-------- Exercise material

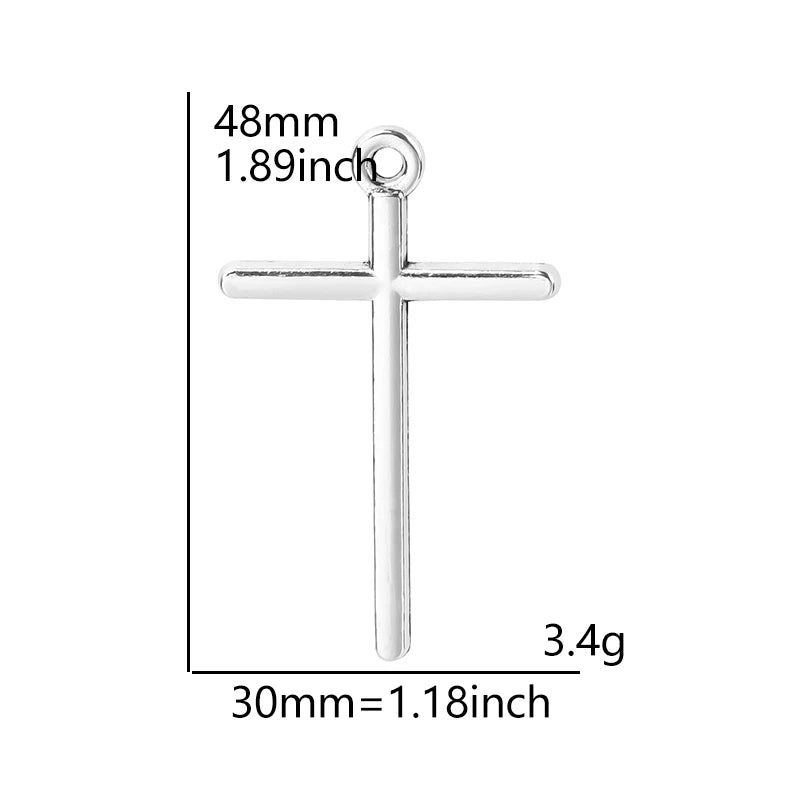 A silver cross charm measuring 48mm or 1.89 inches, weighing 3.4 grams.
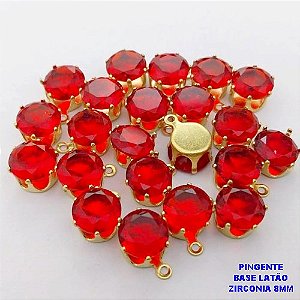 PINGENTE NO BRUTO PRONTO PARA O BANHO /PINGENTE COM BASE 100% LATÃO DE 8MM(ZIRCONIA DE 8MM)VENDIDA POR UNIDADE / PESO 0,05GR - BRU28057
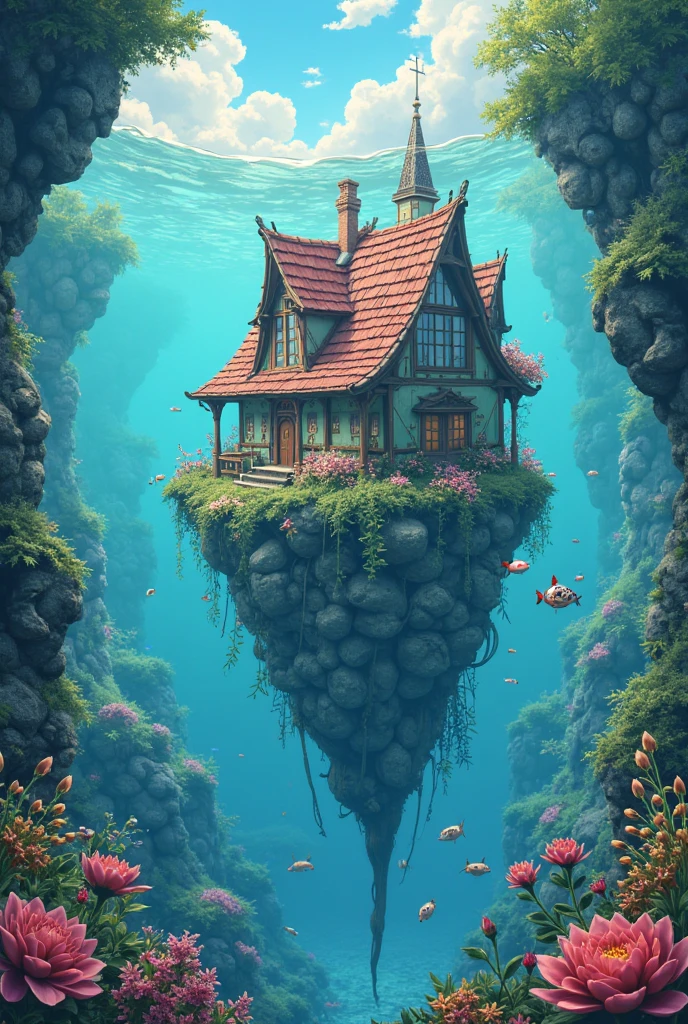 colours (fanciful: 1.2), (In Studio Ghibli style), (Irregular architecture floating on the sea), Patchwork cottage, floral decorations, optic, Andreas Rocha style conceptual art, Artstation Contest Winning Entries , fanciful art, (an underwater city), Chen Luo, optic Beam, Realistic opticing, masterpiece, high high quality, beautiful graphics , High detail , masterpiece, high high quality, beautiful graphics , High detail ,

----------------
-------- Exercise material

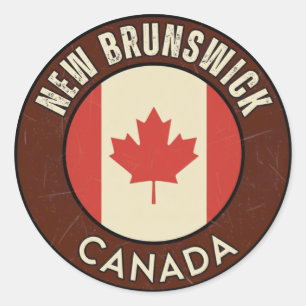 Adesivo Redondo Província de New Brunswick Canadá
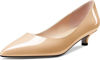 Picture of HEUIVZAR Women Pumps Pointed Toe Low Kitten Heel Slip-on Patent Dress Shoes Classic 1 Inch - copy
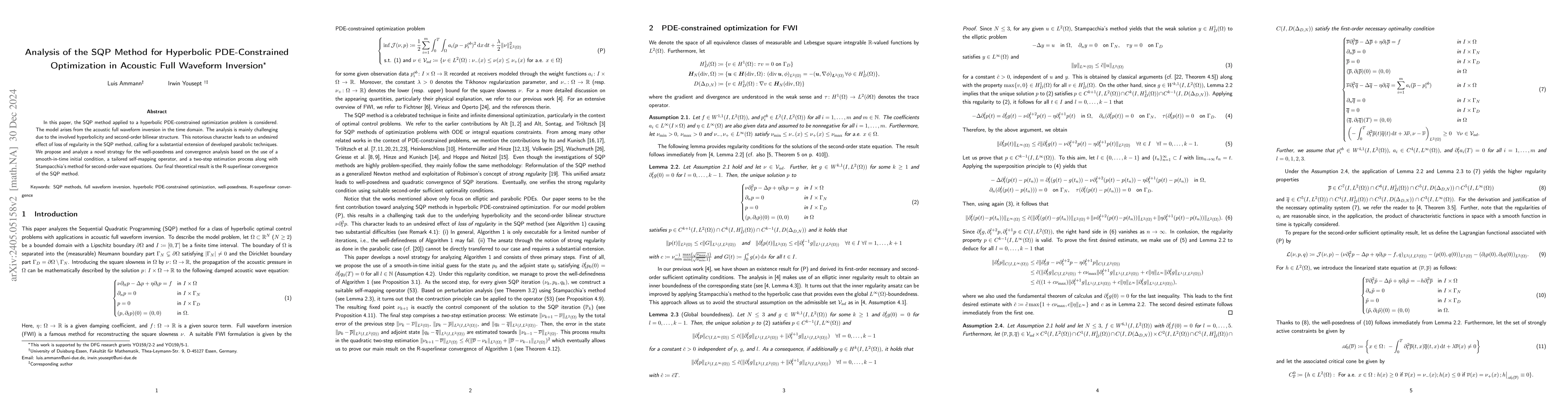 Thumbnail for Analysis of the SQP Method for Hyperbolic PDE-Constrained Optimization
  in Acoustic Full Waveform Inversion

----------------
-------- Exercise material

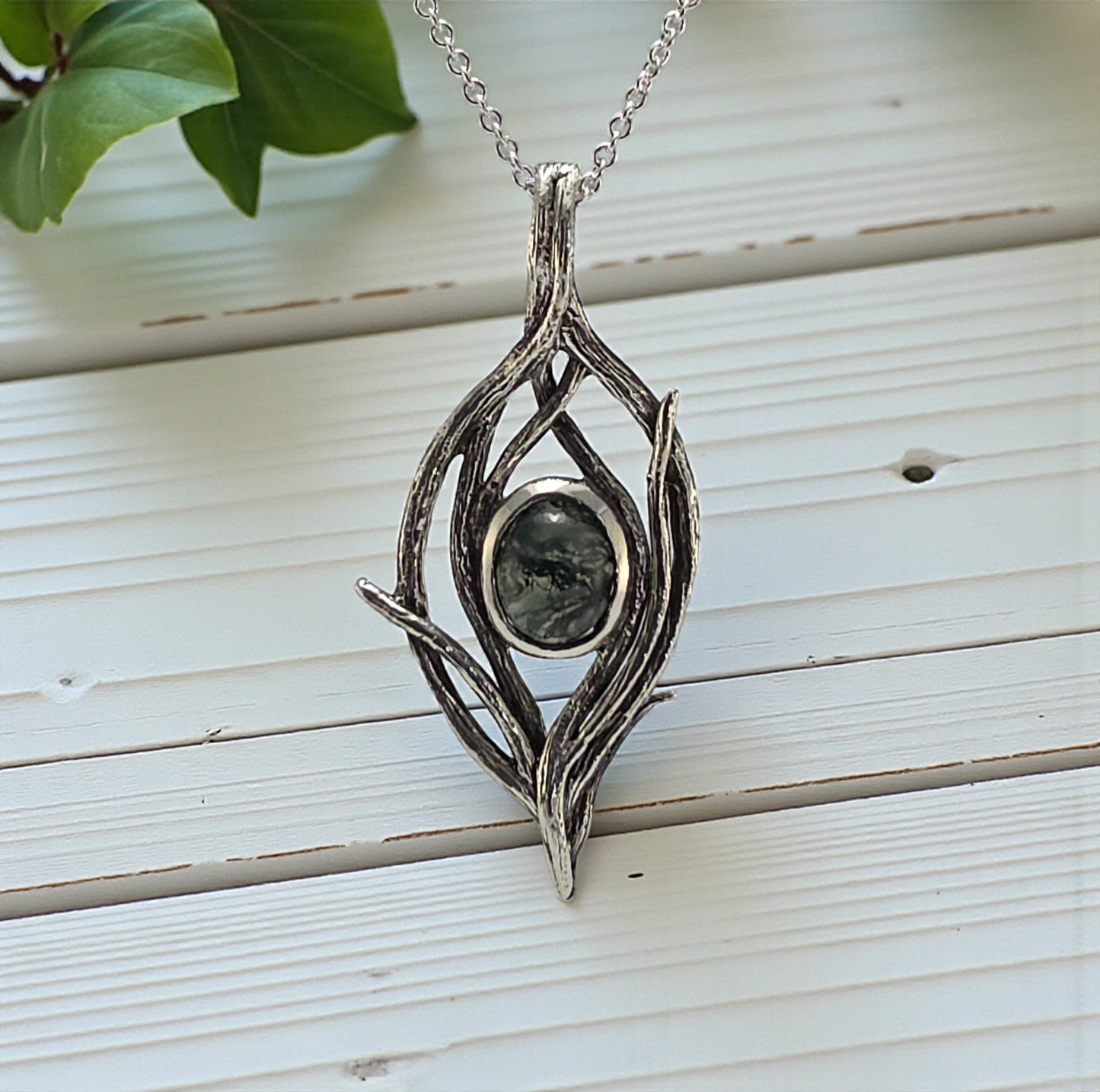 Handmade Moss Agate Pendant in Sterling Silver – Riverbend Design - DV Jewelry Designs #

----------------

• _What you need to do_: From the records above, copy only the lines running from the line holding "PINGENTE NO BRUTO" through the line holding "colours (fanciful: 1.2), (In", with no pictures.

• _Output of the exercise_:
 PINGENTE NO BRUTO PRONTO PARA O BANHO /PINGENTE COM BASE 100% LATÃO DE 8MM(ZIRCONIA DE 8MM)VENDIDA POR UNIDADE / PESO 0,05GR - BRU28057
 colours (fanciful: 1.2), (In Studio Ghibli style), (Irregular architecture floating on the sea), Patchwork cottage, floral decorations, optic, Andreas Rocha style conceptual art, Artstation Contest Winning Entries , fanciful art, (an underwater city), Chen Luo, optic Beam, Realistic opticing, masterpiece, high high quality, beautiful graphics , High detail , masterpiece, high high quality, beautiful graphics , High detail ,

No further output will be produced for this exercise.